Edited on Mon Apr-25-05 11:14 PM by TaleWgnDg
.
This issue was DU discussed earlier when the Massachusetts Supreme Judicial Court (SJC) agreed in February 2005 to hear the appeal filed by The Thomas More Law Center on behalf of C. Joseph Doyle, the executive director of the Catholic Action League of Massachusetts: http://www.democraticunderground.com/discuss/duboard.php?az=show_topic&forum=158&topic_id=3099

There are extensive hyperlinks to assist further understanding of this issue at that above DU thread.

And, thanks, dwickham, for posting, here, the date of the oral arguments in this matter b4 the SJC.

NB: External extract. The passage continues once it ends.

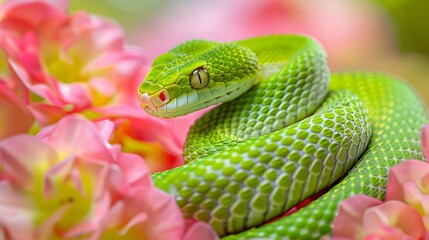 Obraz premium A green snake is laying on a pink flower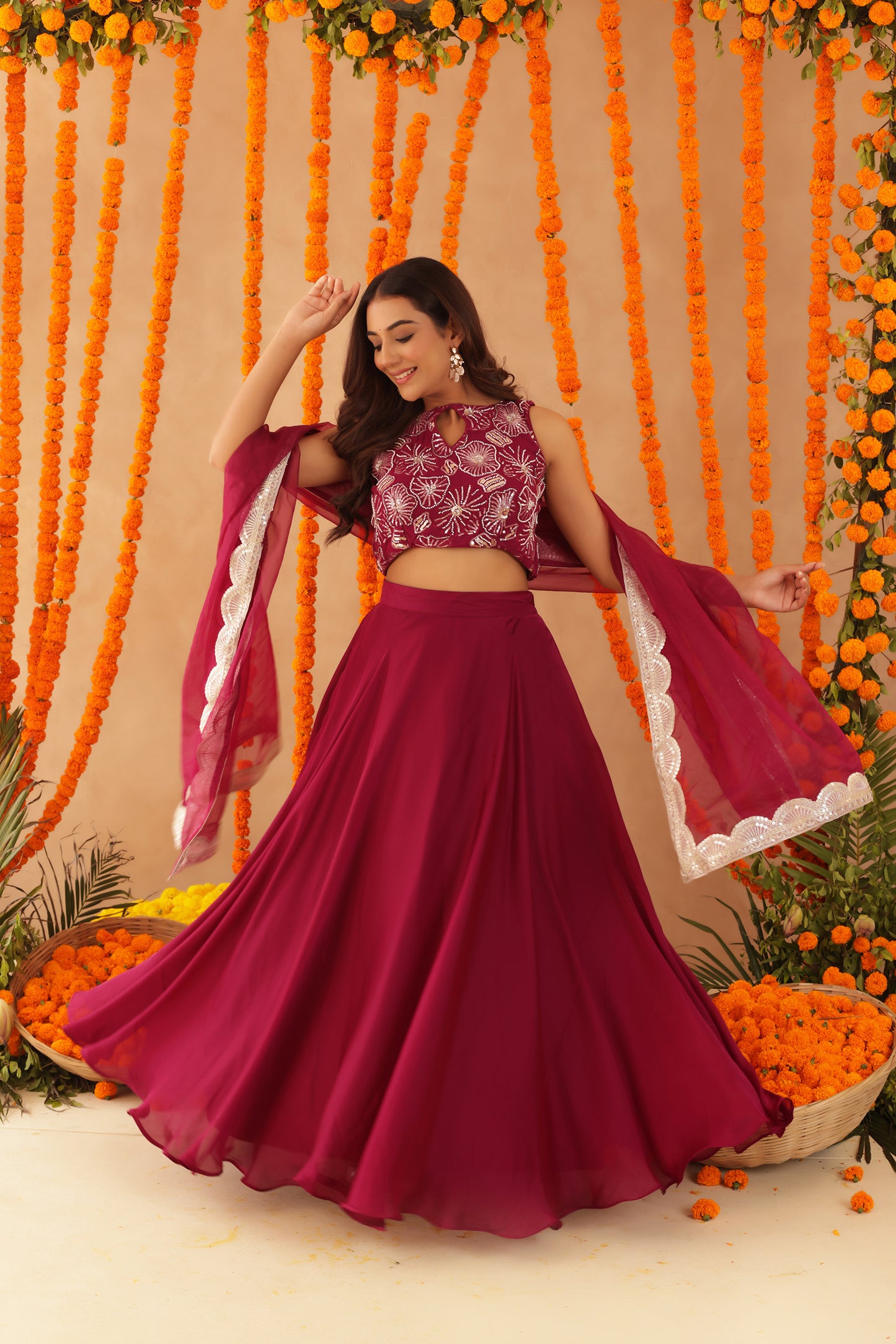 SAISHA CHERRY PINK DETAILED LEHENGA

___________________________________________________________________




Know who is working AGAINST same-sex marriage in the halls of our statehouse and elsewhere:
L to R,
(1) MA Representative Philip Travis (.pdf format, Adobe Reader necessary), Democrat, of Rehoboth, MA, who co-sponsored the 2004 anti-gay amendment;
(2) MA Representative Mark J. Carron, Democrat, of Southbridge, MA, who votes anti-gay (anything);
(3) Daniel Avila who is a paid lobbyist against gays for the Massachusetts Catholic Conference at the statehouse and elsewhere; and
(4) "Reverend" Ron Crews, Republican, of Ashland, MA, a fundamentalist preacher, a carpet-bagger from Georgia who is a paid lobbyist for the "Massachusetts Family Institute" (MFI) a hate-mongering and gay-bashing religion-into-law fundamentalist evangelical organization and as former president of "Massachusetts Family Institute" filed an amicus brief against same-sex marriage and against same-sex civil unions with the Massachusetts Supreme Judicial Court in the Goodridge case, who as a Georgia state representative pushed for Creationism being taught in Georgia public schools and redefinition of marriage as only for one man and one woman and public school abstinence-only sex education, and who recently ran (quite) unsuccessfully against incumbent U.S. Representative James McGovern, D, Worcester

See also: http://www.boston.com/news/local/massachusetts/articles/2004/02/12/how_legislators_voted_on_travis_gay_marriage_amendment/
(BosGlobe, 3/29/04, How State Legislators Voted on Gay Marriage Amendment, Massachusetts Constitutional Convention 2004)
(as last visited, Monday, April 25, 2005)
___________________________________________________________________


The Roman Catholic Church (in Massachusetts) is in our courts fighting against same-sex marriage, it's lobbying in the statehouse and elsewhere to prohibit same-sex marriage, and its newspaper, The Pilot, rants against same-sex marriage. And, the Roman Catholic Church is joining forces with other radical rightwing religion-into-law organizations including working elbow-to-elbow with the radical Ron Crews and other rightwingers who bash and hate gays. Remember this, please.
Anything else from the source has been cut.